What to do
Return all the data, word for word.

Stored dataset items
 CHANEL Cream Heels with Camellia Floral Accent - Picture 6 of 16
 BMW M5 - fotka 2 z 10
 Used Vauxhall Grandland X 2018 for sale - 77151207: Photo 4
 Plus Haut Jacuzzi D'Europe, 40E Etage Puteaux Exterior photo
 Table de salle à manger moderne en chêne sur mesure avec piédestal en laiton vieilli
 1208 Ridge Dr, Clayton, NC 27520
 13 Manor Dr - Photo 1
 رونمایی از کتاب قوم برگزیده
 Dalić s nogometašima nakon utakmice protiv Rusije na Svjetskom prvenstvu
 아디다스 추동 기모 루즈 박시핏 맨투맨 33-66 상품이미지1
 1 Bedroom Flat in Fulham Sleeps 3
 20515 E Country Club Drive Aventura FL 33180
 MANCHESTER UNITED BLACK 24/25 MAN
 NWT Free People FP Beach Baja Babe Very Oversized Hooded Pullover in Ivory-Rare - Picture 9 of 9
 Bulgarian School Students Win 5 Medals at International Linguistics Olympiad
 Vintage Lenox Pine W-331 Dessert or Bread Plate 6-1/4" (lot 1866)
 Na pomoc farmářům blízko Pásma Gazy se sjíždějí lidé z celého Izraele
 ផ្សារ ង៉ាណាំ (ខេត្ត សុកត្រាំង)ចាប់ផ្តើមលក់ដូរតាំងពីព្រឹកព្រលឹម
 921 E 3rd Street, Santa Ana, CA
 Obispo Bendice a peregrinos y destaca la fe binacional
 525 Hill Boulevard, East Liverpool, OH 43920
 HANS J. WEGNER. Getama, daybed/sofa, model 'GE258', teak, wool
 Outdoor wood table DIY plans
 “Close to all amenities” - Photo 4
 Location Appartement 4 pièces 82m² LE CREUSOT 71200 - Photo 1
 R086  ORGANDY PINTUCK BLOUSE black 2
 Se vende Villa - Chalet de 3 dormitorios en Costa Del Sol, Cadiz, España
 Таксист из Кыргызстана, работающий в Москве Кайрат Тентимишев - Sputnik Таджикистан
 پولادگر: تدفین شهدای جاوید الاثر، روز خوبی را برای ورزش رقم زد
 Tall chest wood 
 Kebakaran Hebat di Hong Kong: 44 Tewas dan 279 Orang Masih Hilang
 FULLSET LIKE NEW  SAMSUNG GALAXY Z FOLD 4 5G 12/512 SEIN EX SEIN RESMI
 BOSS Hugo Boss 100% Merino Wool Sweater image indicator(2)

Written response
 CHANEL Cream Heels with Camellia Floral Accent - Picture 6 of 16
 BMW M5 - fotka 2 z 10
 Used Vauxhall Grandland X 2018 for sale - 77151207: Photo 4
 Plus Haut Jacuzzi D'Europe, 40E Etage Puteaux Exterior photo
 Table de salle à manger moderne en chêne sur mesure avec piédestal en laiton vieilli
 1208 Ridge Dr, Clayton, NC 27520
 13 Manor Dr - Photo 1
 رونمایی از کتاب قوم برگزیده
 Dalić s nogometašima nakon utakmice protiv Rusije na Svjetskom prvenstvu
 아디다스 추동 기모 루즈 박시핏 맨투맨 33-66 상품이미지1
 1 Bedroom Flat in Fulham Sleeps 3
 20515 E Country Club Drive Aventura FL 33180
 MANCHESTER UNITED BLACK 24/25 MAN
 NWT Free People FP Beach Baja Babe Very Oversized Hooded Pullover in Ivory-Rare - Picture 9 of 9
 Bulgarian School Students Win 5 Medals at International Linguistics Olympiad
 Vintage Lenox Pine W-331 Dessert or Bread Plate 6-1/4" (lot 1866)
 Na pomoc farmářům blízko Pásma Gazy se sjíždějí lidé z celého Izraele
 ផ្សារ ង៉ាណាំ (ខេត្ត សុកត្រាំង)ចាប់ផ្តើមលក់ដូរតាំងពីព្រឹកព្រលឹម
 921 E 3rd Street, Santa Ana, CA
 Obispo Bendice a peregrinos y destaca la fe binacional
 525 Hill Boulevard, East Liverpool, OH 43920
 HANS J. WEGNER. Getama, daybed/sofa, model 'GE258', teak, wool
 Outdoor wood table DIY plans
 “Close to all amenities” - Photo 4
 Location Appartement 4 pièces 82m² LE CREUSOT 71200 - Photo 1
 R086  ORGANDY PINTUCK BLOUSE black 2
 Se vende Villa - Chalet de 3 dormitorios en Costa Del Sol, Cadiz, España
 Таксист из Кыргызстана, работающий в Москве Кайрат Тентимишев - Sputnik Таджикистан
 پولادگر: تدفین شهدای جاوید الاثر، روز خوبی را برای ورزش رقم زد
 Tall chest wood 
 Kebakaran Hebat di Hong Kong: 44 Tewas dan 279 Orang Masih Hilang
 FULLSET LIKE NEW  SAMSUNG GALAXY Z FOLD 4 5G 12/512 SEIN EX SEIN RESMI
 BOSS Hugo Boss 100% Merino Wool Sweater image indicator(2)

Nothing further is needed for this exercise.